Reprise d’un lexique militaire euphémisant
À cela s’ajoute une absence de distance par rapport à la communication de l’armée israélienne, dont la terminologie est reprise sans questionnements. “Riposte”, “frappes ciblées” ou ”méthodiques”, “opération”, “guerre contre le Hamas”, “bavures” font partie d’un jargon militaire euphémisant, voire trompeur.
Elles devraient être remplacées dans nos médias par des mots plus précis pour décrire les faits : bombardements, pilonnage, destructions d’infrastructures, attaques, invasion terrestre, tueries de civils, …
Une suspicion à géométrie variable
Si la terminologie de l’armée israélienne est reprise sans distance, on assiste en revanche à une remise en cause du nombre de morts palestiniens par des formules suspicieuses : “selon le ministère de la santé du Hamas” voire “selon le Hamas”, particulièrement après la frappe qui a touché l’hôpital Al-Ahli et l’estimation encore incomplète du nombre de morts. Raison avancée ? L’incapacité à vérifier les chiffres de manière indépendante, comme si ce standard était appliqué aux chiffres des autres ministères de la santé dans le monde.
Garder une distance par rapport à ses sources est un aspect essentiel de notre travail : c’est donc un standard à appliquer de manière uniforme ou par rapport à un historique de manquements. De nombreux experts et l’ONU expliquent que les données du ministère de la santé de Gaza sont historiquement fiables, d’autant plus qu’il a publié une liste détaillée de tous les morts recensés.
Les informations avancées par les autorités israéliennes ne sont pas soumises au même examen, malgré un historique de désinformation, comme lorsque l’armée israélienne avait initialement menti sur sa responsabilité dans le meurtre de notre consoeur palestino-américaine Shireen Abu Akleh l’année dernière. Ce doute asymétrique ne respecte pas la charte d’éthique professionnelle des journalistes : “un journaliste digne de ce nom tient […] l’équité, l’impartialité, pour les piliers de l’action journalistique”. Cette asymétrie nous détourne aussi de notre rôle d’information sur la réalité du massacre en cours à Gaza.
« Terroriste »
La dimension politique du mot « terroriste » pose question sur son emploi par la presse. Sa définition n’est pas définie dans le droit international et varie d’un pays à l’autre. Les trois plus grandes agences de presse internationales, Associated Press, l’Agence France Presse et Reuters proscrivent le terme hors citation ou attribution.

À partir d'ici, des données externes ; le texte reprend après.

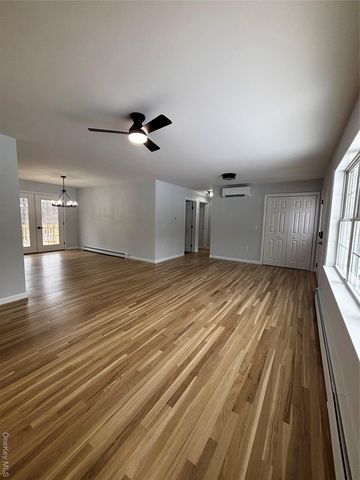 35 Pioneer Road, Gardiner, NY 12525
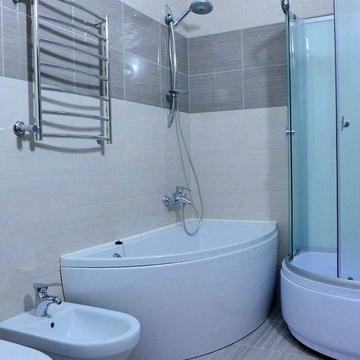 3-к. вул. Бульварно-Кудрявска, 11-А, Шевченківський район. Без %%%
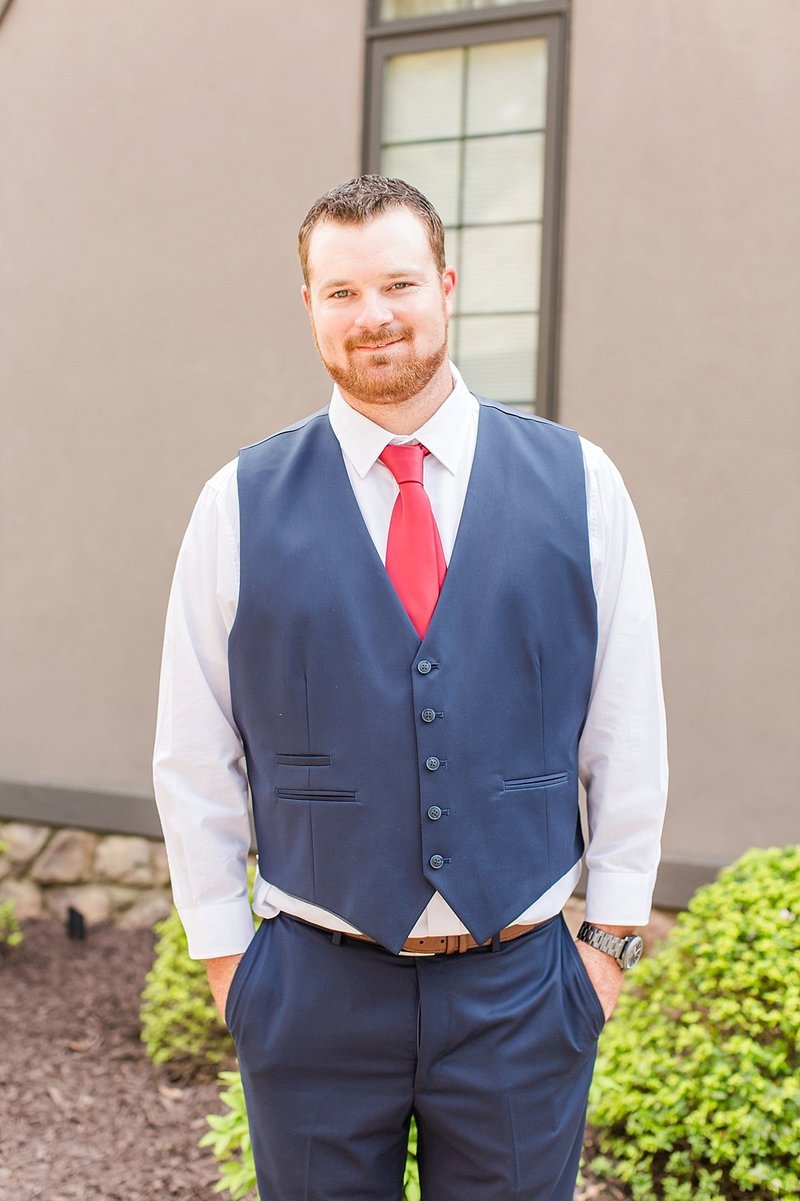 jessicatannerwedding-3428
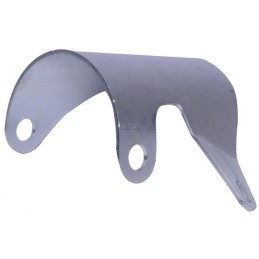 Capac Horsch 34634103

La raison en est expliquée dans ce tweet de l’AFP que nous citons ici: “L’emploi du mot terroriste est extrêmement politisé et sensible. De nombreux gouvernements qualifient d’organisations terroristes les mouvements de résistance ou d’opposition dans leurs pays. De nombreux mouvements ou personnalités issus d’une résistance un temps qualifiée de terroriste ont été reconnus par la communauté internationale et sont devenus des acteurs centraux de la vie politique de leur pays. L’AFP ne décrit pas les auteurs de tels actes, passés ou présents, comme des “terroristes”. Cela inclut des groupes comme l’ETA, les Tigres de Libération de l’Eelam tamoul, les FARC, l’IRA, Al-Qaeda et les différents groupes qui ont mené des attaques en Europe au siècle dernier, dont les Brigades Rouges, la Bande à Baader et Action Directe. »
Dans le débat médiatique et politique, tout comme dans certaines rédactions, le refus d’utiliser le terme “terroriste” est vu de manière suspicieuse – comme si cette rigueur modelée sur celle des agences de presse valait soutien au Hamas.
Les grands mots absents: Nakba, colonialisme, occupation, suprémacisme et apartheid
La contextualisation historique, politique et sociologique est une grande absente de la couverture de la situation actuelle en Israël/Palestine. La Nakba de 1948, l’expulsion forcée et l’exode de Palestinien·nes chassé·es et interdit·es de retourner chez eux, certain·es maintenant enfermé·es à Gaza ou mort·es sous les bombes, est peu évoquée.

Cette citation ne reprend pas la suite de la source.